━━━ Records supplied
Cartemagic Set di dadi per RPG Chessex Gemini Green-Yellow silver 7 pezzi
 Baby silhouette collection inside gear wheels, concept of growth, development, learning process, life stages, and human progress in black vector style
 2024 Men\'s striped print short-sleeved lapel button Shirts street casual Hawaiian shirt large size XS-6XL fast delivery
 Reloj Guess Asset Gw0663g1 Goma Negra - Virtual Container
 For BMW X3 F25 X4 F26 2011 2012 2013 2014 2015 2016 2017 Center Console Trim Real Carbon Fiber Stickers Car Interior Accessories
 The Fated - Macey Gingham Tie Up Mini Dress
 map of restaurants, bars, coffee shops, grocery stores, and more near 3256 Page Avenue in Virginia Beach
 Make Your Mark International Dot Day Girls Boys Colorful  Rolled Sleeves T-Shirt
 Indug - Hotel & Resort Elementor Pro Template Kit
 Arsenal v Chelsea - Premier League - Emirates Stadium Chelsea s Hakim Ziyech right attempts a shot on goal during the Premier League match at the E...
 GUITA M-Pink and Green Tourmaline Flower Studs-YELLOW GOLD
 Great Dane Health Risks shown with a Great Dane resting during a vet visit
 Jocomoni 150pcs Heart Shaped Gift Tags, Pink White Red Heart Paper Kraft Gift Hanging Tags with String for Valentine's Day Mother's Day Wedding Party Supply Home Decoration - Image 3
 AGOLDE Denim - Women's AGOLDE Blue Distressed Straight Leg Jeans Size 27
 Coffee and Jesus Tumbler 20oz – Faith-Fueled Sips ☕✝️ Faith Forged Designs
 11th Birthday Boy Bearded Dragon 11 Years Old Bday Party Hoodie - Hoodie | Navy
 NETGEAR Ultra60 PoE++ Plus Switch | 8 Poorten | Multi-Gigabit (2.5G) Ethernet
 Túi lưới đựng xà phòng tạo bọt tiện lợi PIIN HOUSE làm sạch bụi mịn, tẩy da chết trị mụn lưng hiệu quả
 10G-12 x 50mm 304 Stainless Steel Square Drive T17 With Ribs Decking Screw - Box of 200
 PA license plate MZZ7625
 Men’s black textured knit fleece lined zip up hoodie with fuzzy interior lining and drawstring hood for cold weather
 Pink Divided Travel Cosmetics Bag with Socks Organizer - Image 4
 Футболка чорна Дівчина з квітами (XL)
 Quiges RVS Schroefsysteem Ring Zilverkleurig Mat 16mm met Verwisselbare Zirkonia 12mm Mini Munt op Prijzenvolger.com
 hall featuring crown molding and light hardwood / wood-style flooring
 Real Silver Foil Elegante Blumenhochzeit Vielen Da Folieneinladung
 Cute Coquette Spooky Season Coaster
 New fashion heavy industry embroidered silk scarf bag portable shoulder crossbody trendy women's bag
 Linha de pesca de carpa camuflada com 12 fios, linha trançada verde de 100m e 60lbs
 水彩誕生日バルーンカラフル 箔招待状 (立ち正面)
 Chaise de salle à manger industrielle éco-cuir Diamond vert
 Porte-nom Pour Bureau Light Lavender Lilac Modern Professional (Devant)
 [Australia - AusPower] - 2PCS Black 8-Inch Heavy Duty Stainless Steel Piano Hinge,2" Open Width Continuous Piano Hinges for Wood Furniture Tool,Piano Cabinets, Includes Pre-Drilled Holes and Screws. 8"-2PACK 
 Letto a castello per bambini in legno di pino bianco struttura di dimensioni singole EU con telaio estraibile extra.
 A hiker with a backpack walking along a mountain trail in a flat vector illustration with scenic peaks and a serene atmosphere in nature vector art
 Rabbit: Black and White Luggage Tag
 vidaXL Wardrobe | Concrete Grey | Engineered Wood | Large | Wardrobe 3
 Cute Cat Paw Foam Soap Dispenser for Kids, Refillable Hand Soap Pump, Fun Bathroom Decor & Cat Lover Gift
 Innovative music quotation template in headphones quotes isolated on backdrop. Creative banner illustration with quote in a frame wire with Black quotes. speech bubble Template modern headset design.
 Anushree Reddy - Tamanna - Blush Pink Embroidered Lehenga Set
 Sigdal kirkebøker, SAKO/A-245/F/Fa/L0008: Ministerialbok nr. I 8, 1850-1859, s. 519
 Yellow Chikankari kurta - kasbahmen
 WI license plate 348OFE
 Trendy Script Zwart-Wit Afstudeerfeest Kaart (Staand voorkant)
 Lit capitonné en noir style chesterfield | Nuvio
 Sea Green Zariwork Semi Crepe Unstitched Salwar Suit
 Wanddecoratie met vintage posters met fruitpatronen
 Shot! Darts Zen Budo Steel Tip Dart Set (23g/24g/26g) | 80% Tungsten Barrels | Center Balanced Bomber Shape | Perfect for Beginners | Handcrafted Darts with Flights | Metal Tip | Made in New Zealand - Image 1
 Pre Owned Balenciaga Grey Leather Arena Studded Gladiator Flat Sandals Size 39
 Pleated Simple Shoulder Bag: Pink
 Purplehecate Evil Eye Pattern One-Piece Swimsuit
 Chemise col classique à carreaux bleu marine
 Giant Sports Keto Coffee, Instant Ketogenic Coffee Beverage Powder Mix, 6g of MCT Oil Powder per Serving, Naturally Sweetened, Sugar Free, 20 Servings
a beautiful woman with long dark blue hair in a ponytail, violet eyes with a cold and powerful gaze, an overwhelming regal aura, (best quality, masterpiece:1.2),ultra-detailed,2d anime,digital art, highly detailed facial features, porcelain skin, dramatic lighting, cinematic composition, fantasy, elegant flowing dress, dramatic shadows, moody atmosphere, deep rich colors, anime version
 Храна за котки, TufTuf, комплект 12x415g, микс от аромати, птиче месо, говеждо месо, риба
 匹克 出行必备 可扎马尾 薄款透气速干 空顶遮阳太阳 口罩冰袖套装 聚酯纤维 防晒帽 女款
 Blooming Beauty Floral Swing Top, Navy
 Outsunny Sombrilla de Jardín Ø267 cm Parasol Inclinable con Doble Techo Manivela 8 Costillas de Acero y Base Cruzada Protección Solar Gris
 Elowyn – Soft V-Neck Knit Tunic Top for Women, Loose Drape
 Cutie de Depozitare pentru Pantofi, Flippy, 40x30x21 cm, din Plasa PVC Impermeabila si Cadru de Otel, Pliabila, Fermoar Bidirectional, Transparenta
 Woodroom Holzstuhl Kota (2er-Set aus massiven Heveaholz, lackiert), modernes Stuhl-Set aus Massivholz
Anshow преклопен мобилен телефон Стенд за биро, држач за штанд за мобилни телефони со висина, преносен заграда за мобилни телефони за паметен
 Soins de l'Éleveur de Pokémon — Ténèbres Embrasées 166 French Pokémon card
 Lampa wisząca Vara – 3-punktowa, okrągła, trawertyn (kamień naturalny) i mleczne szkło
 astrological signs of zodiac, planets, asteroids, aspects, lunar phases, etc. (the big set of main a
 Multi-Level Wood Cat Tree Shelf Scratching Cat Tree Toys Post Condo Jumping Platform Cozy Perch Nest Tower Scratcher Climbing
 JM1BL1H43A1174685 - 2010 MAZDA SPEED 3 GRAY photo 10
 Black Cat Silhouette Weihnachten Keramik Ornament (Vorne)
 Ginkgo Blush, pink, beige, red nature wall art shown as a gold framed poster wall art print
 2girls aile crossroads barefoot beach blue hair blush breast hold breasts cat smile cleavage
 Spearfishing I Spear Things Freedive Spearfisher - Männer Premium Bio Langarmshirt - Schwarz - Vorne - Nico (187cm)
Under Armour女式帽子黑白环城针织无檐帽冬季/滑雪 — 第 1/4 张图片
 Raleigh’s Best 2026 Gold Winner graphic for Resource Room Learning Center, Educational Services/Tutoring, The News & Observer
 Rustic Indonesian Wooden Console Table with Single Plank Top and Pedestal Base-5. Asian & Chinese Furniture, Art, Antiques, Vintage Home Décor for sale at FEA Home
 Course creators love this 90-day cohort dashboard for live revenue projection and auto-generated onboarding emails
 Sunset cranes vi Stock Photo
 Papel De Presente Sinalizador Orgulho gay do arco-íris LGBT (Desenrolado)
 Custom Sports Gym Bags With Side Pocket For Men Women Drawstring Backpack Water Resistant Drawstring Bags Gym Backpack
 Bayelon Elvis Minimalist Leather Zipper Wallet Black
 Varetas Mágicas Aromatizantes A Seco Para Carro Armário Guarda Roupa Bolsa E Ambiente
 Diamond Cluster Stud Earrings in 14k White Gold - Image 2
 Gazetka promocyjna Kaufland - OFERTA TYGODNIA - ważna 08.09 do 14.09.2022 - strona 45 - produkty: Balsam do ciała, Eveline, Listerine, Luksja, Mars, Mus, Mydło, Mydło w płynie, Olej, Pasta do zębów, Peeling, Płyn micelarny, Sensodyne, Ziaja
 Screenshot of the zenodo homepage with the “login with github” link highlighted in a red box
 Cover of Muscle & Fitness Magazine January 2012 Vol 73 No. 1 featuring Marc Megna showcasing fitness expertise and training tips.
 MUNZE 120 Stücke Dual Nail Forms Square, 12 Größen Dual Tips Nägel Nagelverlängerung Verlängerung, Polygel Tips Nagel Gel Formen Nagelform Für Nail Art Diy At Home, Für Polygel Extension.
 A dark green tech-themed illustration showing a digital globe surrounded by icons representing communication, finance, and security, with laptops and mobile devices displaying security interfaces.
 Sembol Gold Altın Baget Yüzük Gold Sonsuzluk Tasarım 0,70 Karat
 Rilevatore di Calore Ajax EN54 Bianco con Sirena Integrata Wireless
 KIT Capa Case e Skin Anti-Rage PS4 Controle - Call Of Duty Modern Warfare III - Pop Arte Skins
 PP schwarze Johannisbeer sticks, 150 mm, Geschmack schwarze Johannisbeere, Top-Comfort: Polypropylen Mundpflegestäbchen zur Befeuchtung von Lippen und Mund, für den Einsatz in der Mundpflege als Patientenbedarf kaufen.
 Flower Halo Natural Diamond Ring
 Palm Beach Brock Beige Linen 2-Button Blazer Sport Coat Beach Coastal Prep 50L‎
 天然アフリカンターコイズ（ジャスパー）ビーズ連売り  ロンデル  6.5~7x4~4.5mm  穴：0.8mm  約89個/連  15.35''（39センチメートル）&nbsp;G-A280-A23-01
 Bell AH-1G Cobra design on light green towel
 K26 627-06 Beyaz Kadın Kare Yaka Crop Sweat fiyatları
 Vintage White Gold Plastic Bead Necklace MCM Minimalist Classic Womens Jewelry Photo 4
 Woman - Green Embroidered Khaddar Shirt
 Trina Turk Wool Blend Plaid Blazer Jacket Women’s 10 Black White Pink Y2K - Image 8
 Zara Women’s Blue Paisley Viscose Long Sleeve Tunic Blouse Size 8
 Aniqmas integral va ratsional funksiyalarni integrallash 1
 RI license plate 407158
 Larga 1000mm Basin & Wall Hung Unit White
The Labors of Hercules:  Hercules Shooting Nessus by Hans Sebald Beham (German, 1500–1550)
━━━━━━
What is expected. Please, from the entries above, set down exactly the lines from the one containing "Lit capitonné en" through the one containing "Wanddecoratie met vintage", and only those.

Answer to the problem.
 Lit capitonné en noir style chesterfield | Nuvio
 Sea Green Zariwork Semi Crepe Unstitched Salwar Suit
 Wanddecoratie met vintage posters met fruitpatronen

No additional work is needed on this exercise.